Avro SerDe for Apache Spark structured APIs.
Apache License 2.0
229 stars 75 forks source link

How to handle deserialization issues in from_avro? #182

Closed nsanglar closed 3 years ago

nsanglar commented 3 years ago

Hello!

I am currently facing the following issue:

  1. We get avro records from a topic that we read with spark streaming (2.4.x)
  2. One of the avro record contains some malformed byte array (the type is bytes with logical type decimal)
  3. This makes the deserialization fail, and the job cannot commit the processed offset since it aborts.
  4. Upon restart, the job re-reads the faulty data and cannot go further

I would like to be able to ignore such cases where deserialization fails, but am struggling to find a nice solution. Would you have any idea?

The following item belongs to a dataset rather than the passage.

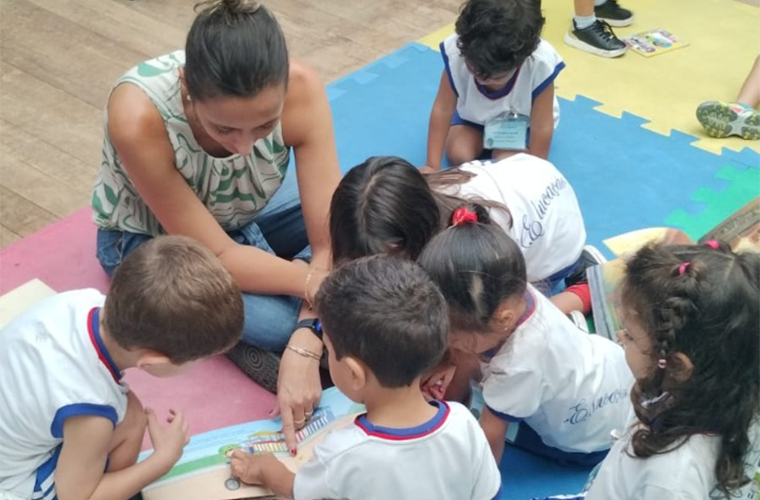 Professor regente: responsabilidades e colaboração na educação inclusiva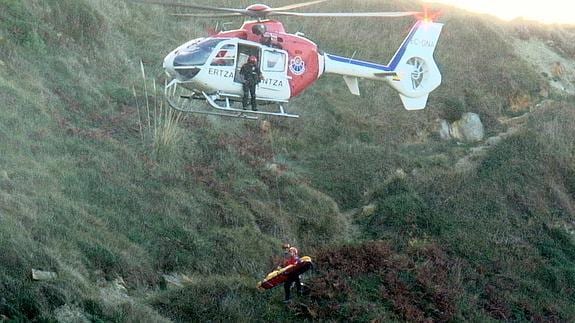 Un helicóptero de la Ertzaintza se ha desplazado al lugar del accidente.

cerveada commented 3 years ago

Hello, sorry right now there is no option in Abris to solve that. I created a ticket for it #183. For now the only option is to detect and replace/fix that row before Abris is called.

moyphilip commented 3 years ago

@nsanglar hey do you have a solution for your problem? I ran into a similar issue.

nsanglar commented 3 years ago

@moyphilip I currently have a fork of the project in which I apply a different logic here: https://github.com/AbsaOSS/ABRiS/blob/6520a91962708189b340c87b9dfa1c482f0d7480/src/main/scala/za/co/absa/abris/avro/sql/AvroDataToCatalyst.scala#L82

I just don't throw an exception but return an empty row and log some error. I guess this is quite specific to my use case, so I am not sure this would be appropriate to incoporate it upstream.

ScaddingJ commented 2 years ago

@nsanglar how did you manage to return an empty row in your use case? I have a reason to do the same in mine.